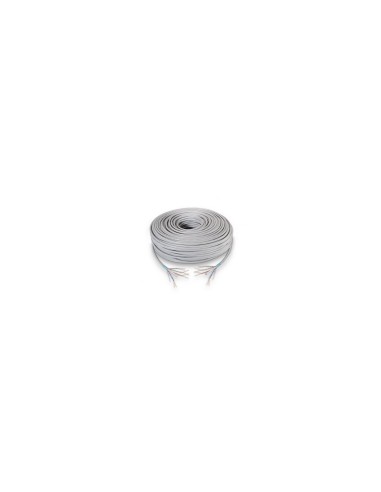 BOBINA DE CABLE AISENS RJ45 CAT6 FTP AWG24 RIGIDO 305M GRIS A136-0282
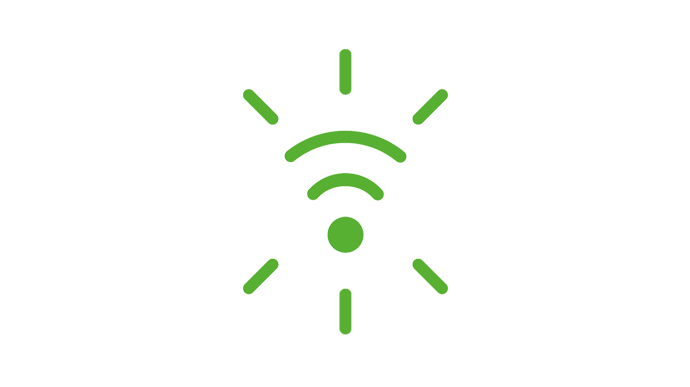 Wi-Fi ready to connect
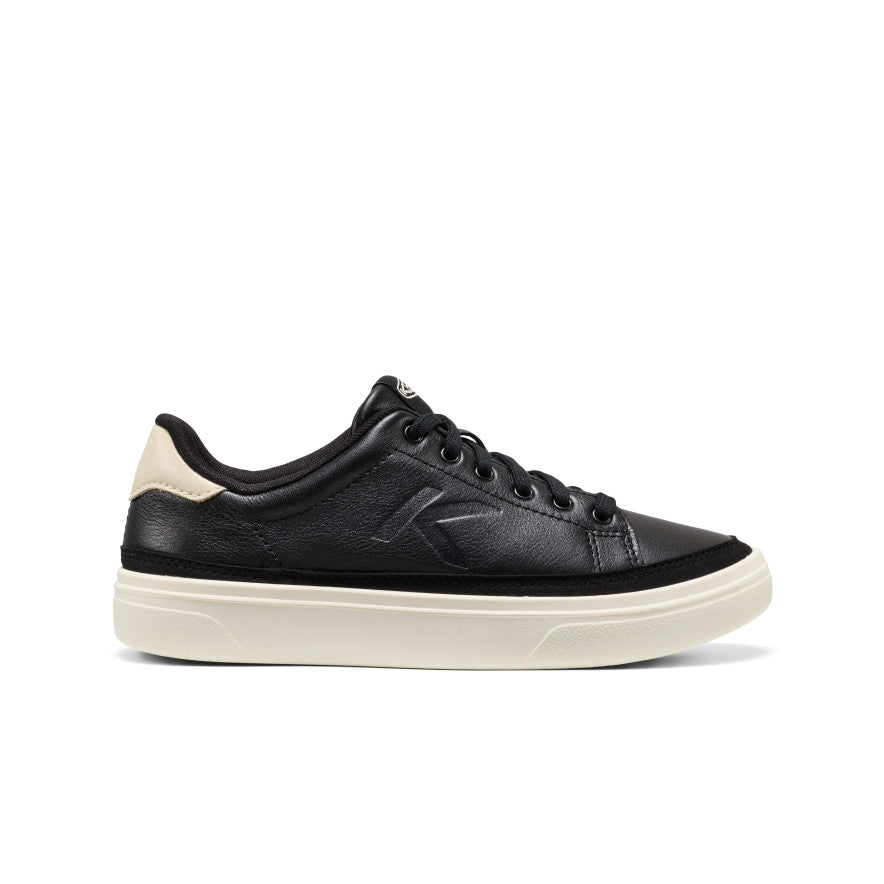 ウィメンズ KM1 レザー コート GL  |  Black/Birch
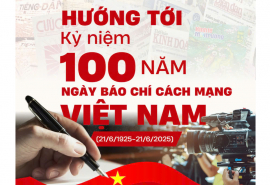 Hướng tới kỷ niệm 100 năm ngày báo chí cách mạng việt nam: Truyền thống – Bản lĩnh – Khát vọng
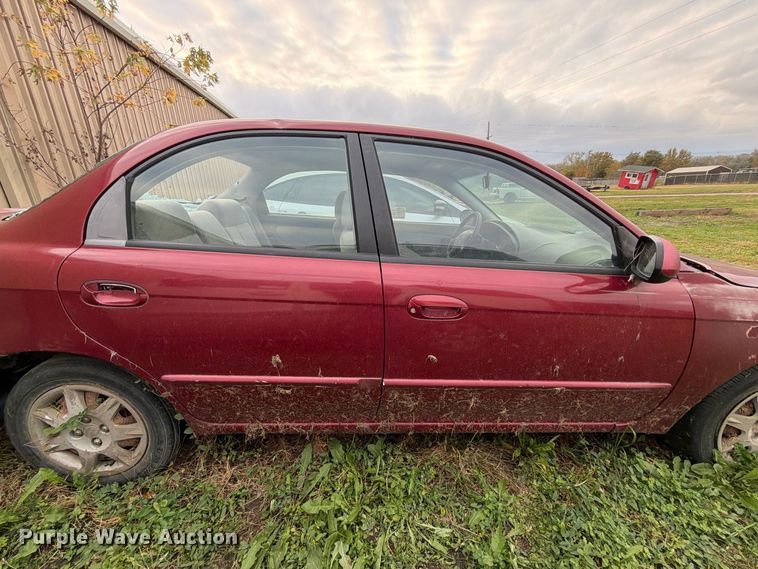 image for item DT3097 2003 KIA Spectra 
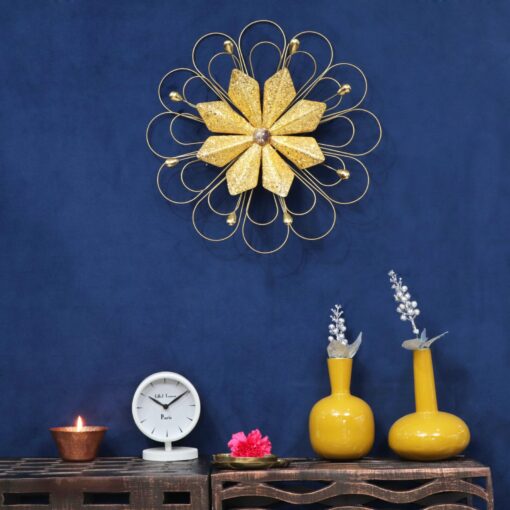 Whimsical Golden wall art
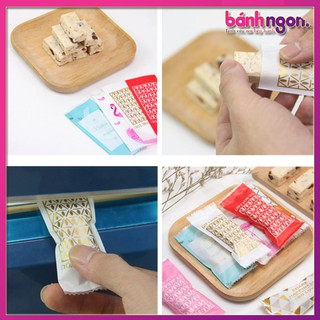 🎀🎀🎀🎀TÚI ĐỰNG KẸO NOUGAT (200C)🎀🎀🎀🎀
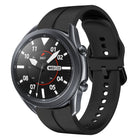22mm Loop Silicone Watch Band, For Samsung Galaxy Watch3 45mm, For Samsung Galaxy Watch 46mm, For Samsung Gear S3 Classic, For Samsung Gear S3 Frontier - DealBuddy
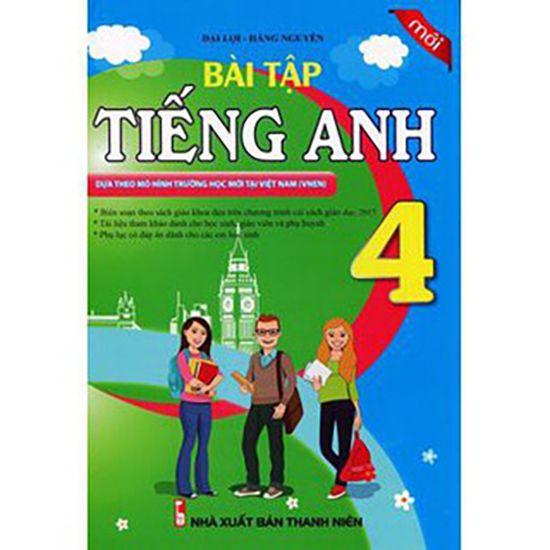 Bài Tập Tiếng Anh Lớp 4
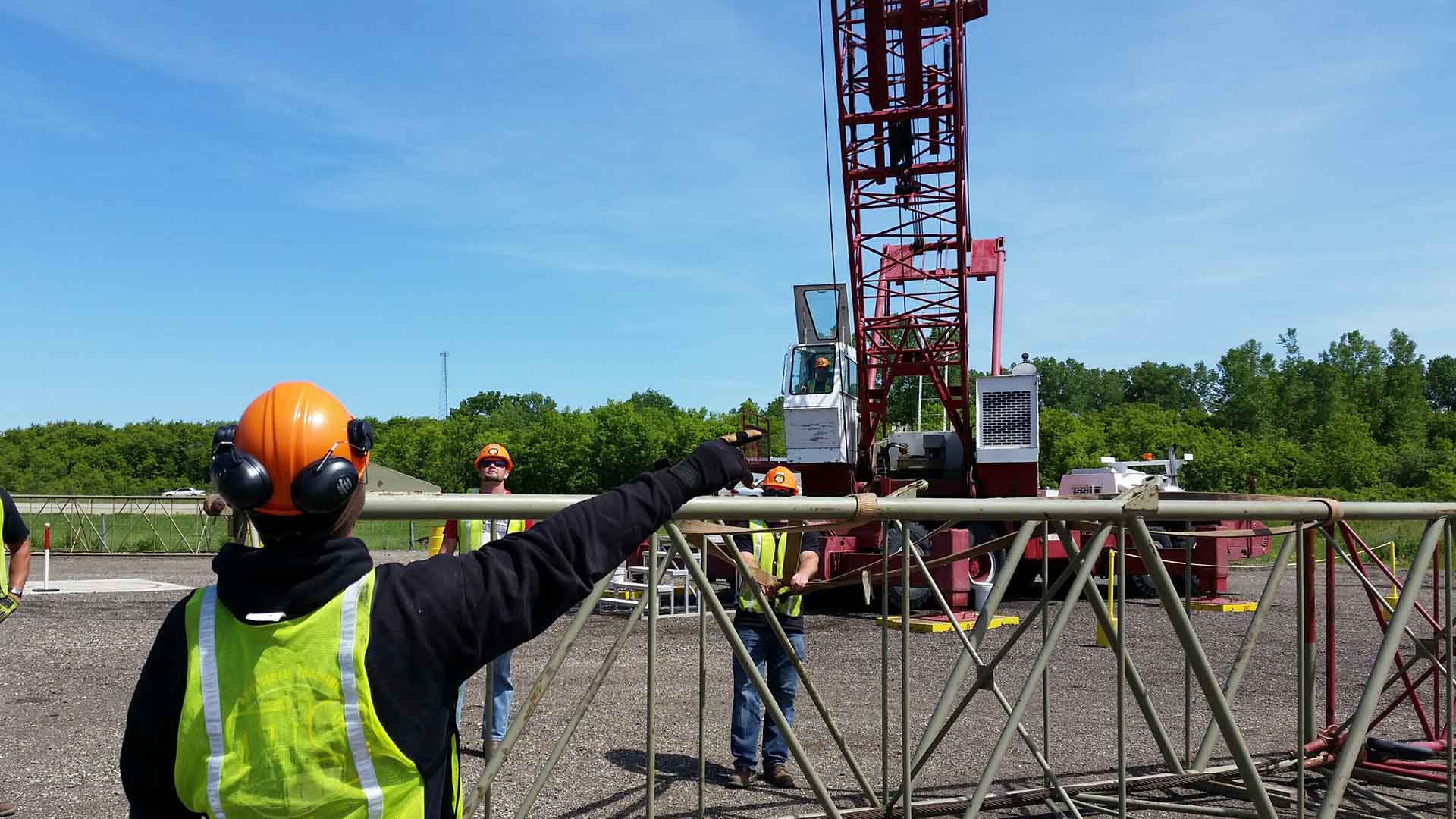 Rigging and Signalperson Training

------------------------------------

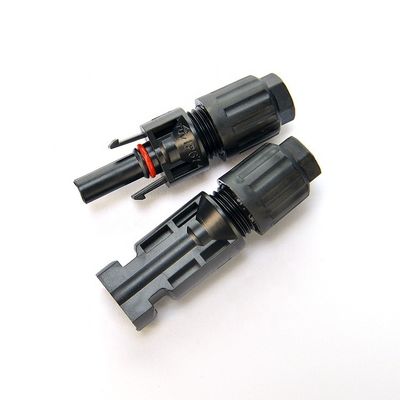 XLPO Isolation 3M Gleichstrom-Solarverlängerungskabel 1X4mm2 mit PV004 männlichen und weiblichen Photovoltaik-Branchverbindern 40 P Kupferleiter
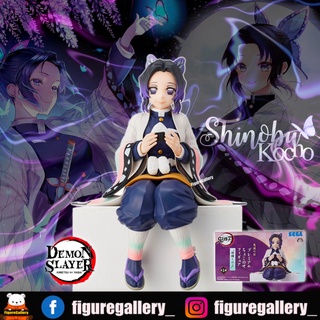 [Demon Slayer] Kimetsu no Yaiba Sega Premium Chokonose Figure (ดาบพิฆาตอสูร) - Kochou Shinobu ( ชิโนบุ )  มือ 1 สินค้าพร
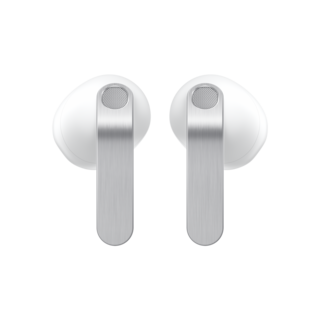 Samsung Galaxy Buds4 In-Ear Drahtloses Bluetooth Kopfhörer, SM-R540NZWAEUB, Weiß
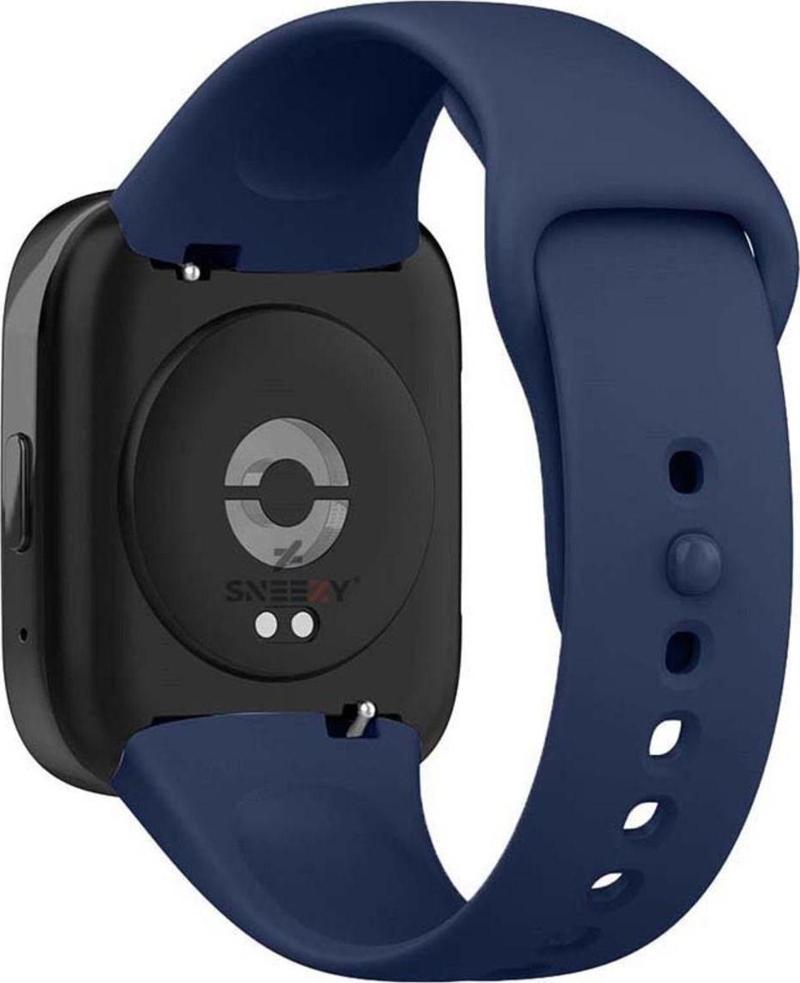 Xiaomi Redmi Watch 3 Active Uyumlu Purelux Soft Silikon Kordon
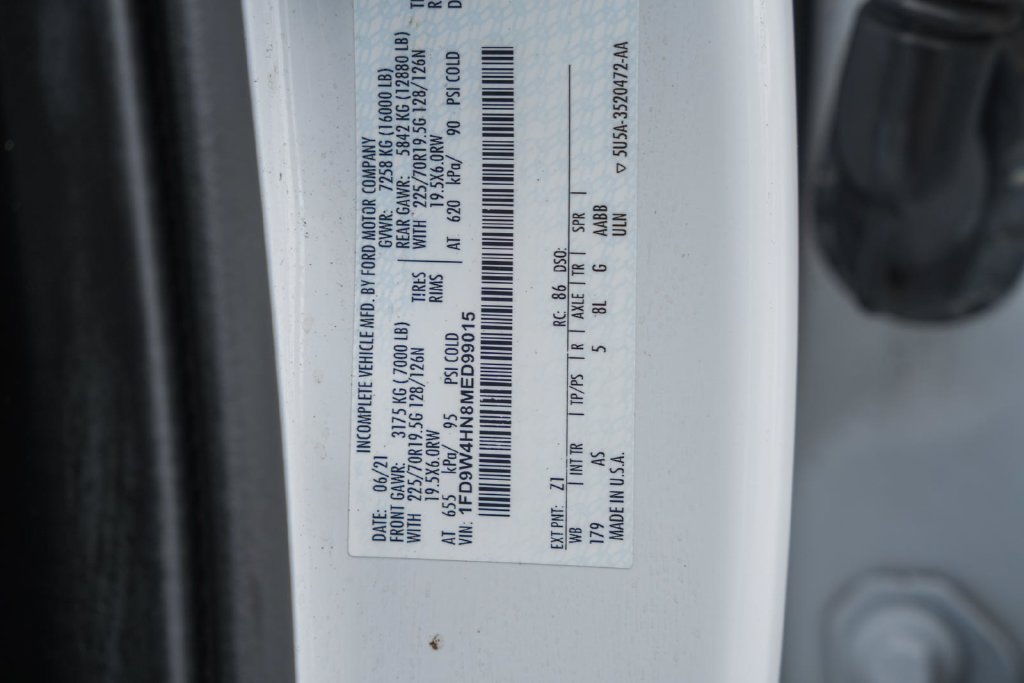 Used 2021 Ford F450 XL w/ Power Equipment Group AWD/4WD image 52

------------------------------------

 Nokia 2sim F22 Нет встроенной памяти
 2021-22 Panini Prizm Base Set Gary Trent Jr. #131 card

------------------------------------

▶ [PROBLEM DETAILS]:
From the line containing "[Demon Slayer] Kimetsu" through the line containing "Used 2021 Ford", copy every line above exactly, without pictures.

▶ [OUTPUT OF THE TASK]:
 [Demon Slayer] Kimetsu no Yaiba Sega Premium Chokonose Figure (ดาบพิฆาตอสูร) - Kochou Shinobu ( ชิโนบุ )  มือ 1 สินค้าพร
 Samsung Galaxy Buds4 In-Ear Drahtloses Bluetooth Kopfhörer, SM-R540NZWAEUB, Weiß
 Xiaomi Redmi Watch 3 Active Uyumlu Purelux Soft Silikon Kordon
 Used 2021 Ford F450 XL w/ Power Equipment Group AWD/4WD image 52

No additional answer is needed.